Bug 1624588

Summary: Undercloud nova configuration does not have - sync_power_state_interval=-1
Product: Red Hat OpenStack Reporter: Marian Krcmarik <mkrcmari>
Component: openstack-tripleo-heat-templatesAssignee: Michele Baldessari <michele>
Status: CLOSED ERRATA QA Contact: Archit Modi <amodi>
Severity: urgent Docs Contact:
Priority: urgent    
Version: 14.0 (Rocky)CC: agurenko, aherr, bfournie, chjones, lyarwood, mburns, mcornea, michele, oblaut
Target Milestone: betaKeywords: AutomationBlocker, Regression, Triaged
Target Release: 14.0 (Rocky)   
Hardware: Unspecified   
OS: Unspecified   
Whiteboard:
Fixed In Version: instack-undercloud-9.3.1-0.20180831000259.e464799.el7ost openstack-tripleo-heat-templates-9.0.0-0.20180906145841.66804ff.0rc1.0rc1.el7ost puppet-nova-13.3.1-0.20180831195237.ce0efbe.el7ost Doc Type: If docs needed, set a value
Doc Text:
Story Points: ---
Clone Of: Environment:
Last Closed: 2019-01-11 11:51:51 UTC Type: Bug
Regression: --- Mount Type: ---
Documentation: --- CRM:
Verified Versions: Category: ---
oVirt Team: --- RHEL 7.3 requirements from Atomic Host:
Cloudforms Team: --- Target Upstream Version:
Embargoed:

Description Marian Krcmarik 2018-09-01 21:50:54 UTC
Description of problem:
Undercloud nova has configuration item sync_power_state_interval=-1 since RHOS8 based on the decisions which are described in bug #1245298. It seems like this setting is not being set on undercloud of RHOS14 and thus all behaviour described in the mentioned bug is back.
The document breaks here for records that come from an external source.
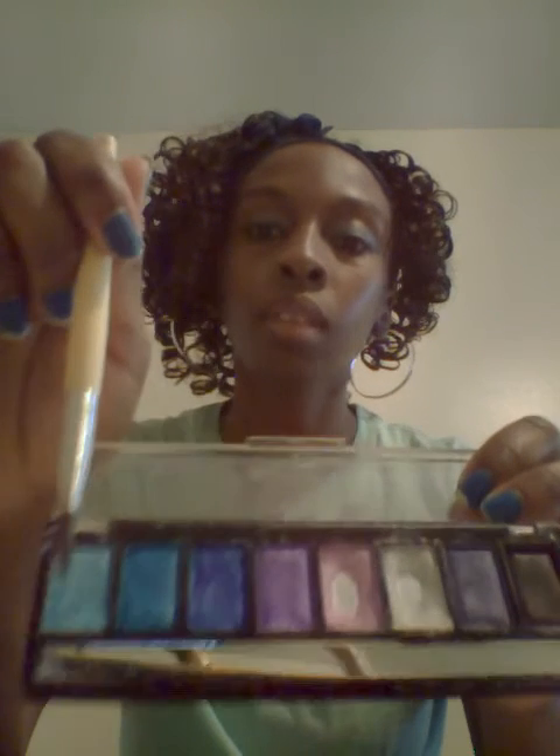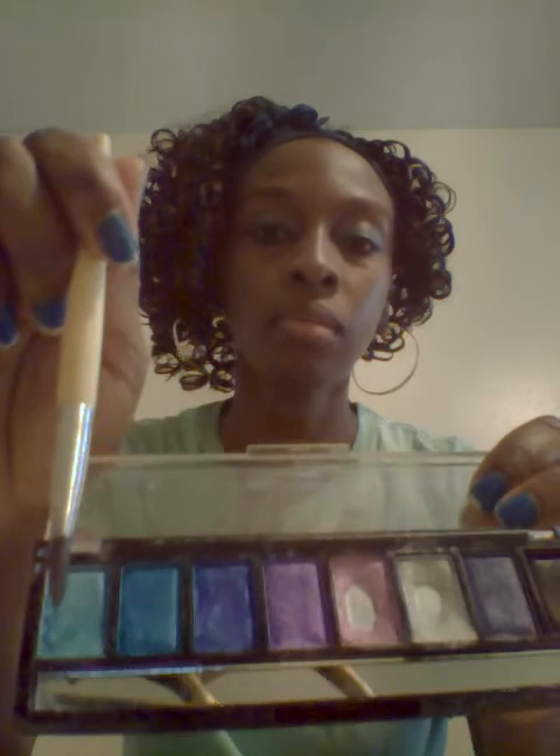Hi, it's me again. Today I want to show you how to do a beachy makeup look. First you're going to need some teal color blue eyeshadow — yesterday I used that one, but today I'm using this one. You're going to need some black eyeliner, pink blush, and pink lipstick. It doesn't really matter what color the lipstick is, just as long as it's pink, like in the shade pink that you want.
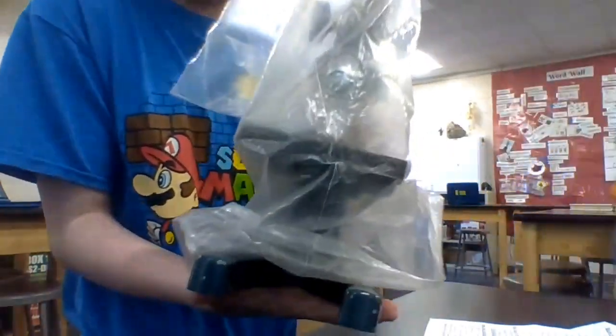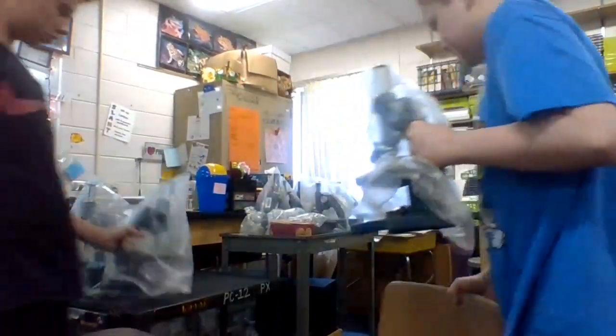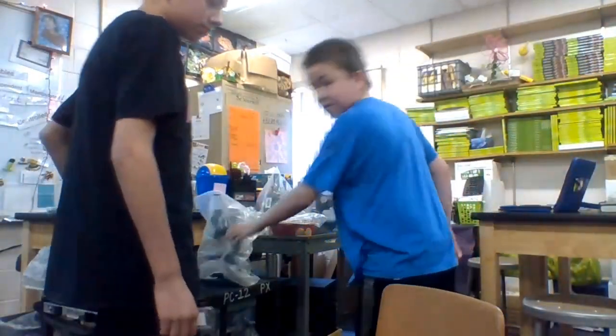And then you have to turn and carry it at the base and the handle like this. Make sure so the microscope won't fall off the edge. That's how to use a microscope.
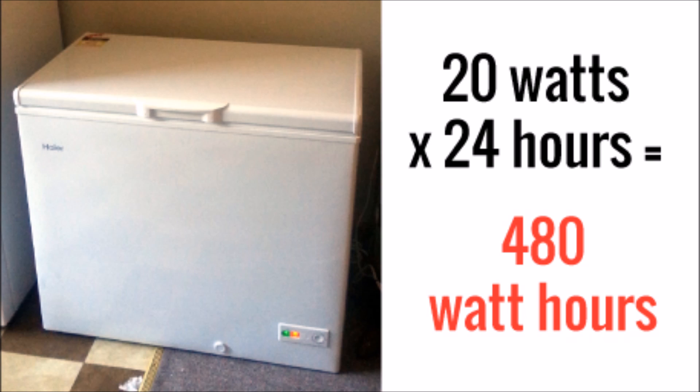For the first load we have a chest freezer. Before anyone says anything about freezers and refrigerators not running for 24 hours, I fully understand that. What I did was I got the yearly kilowatt hour consumption and translated it back to an average per hour. An average chest freezer of about this size will use 20 watts on average every single hour of the day, so that's 480 watt hours in a typical day.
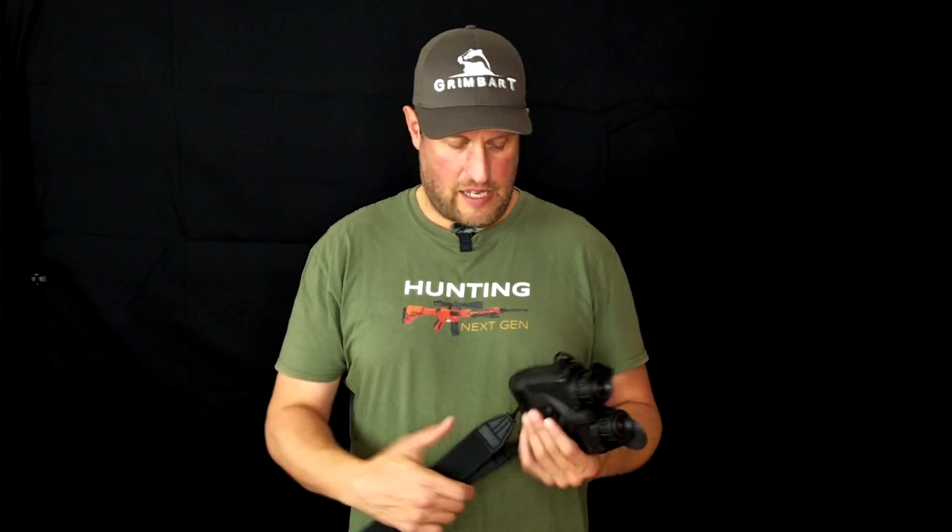Thanks for watching. I'd be very happy if you give me a thumbs up and subscribe to the channel — that helps me getting new stuff for you guys which I can present. Looking forward to seeing you on the channel hopefully soon again. Take care and bye-bye.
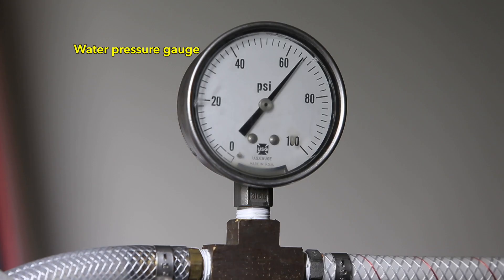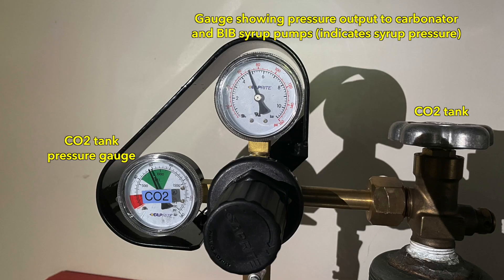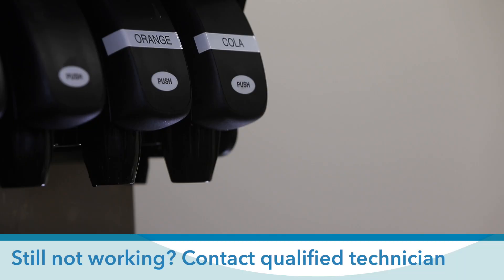If the taste still isn't right, make sure the water pressure and syrup pressure entering the dispenser are above the minimums recommended by the valve manufacturer. Low pressure of either will result in an improper ratio of water and syrup. If none of these actions resolve the problem, contact a qualified technician to check the ratio of syrup to water coming through the valve at the dispenser.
I am not sure what is the right component since I do not have knowledge how much instack-undercloud is being used for undercloud on RHOS14.

Version-Release number of selected component (if applicable):
instack-undercloud-9.2.1-0.20180803181448.be5fa97.el7ost.noarch

How reproducible:
Always

Steps to Reproduce:
1. Start some HA tests which consist of overcloud node resets.

Actual results:
Even though overcloud nodes recover from reset/failover, undercloud nova sometimes keeps shutting them down If It hits interval when It does sync of overcloud node status with DB state.

Expected results:
Just do not touch it

Additional info:

Comment 1 Marian Krcmarik 2018-09-07 21:13:57 UTC
Maybe setting the config parameter sync_power_state_interval to -1 is not enough
I can see a new (?) option in nova config called handle_virt_lifecycle_events which maybe needs to be set to false (true by default) to disable power state synchronization, If I set only sync_power_state_interval to -1 I still could observe the unwanted behaviour, this is description in nova.conf:
# * If ``handle_virt_lifecycle_events`` in workarounds_group is
#   false and this option is negative, then instances that get out
#   of sync between the hypervisor and the Nova database will have
#   to be synchronized manually.
#  (integer value)
#sync_power_state_interval=600

But I do not really get clearly what that option handle_virt_lifecycle_events is about but setting to false seems to help.

Comment 2 Bob Fournier 2018-09-10 22:32:48 UTC
This doesn't fall under HardwareProvisioning DFG, moving to Comoute.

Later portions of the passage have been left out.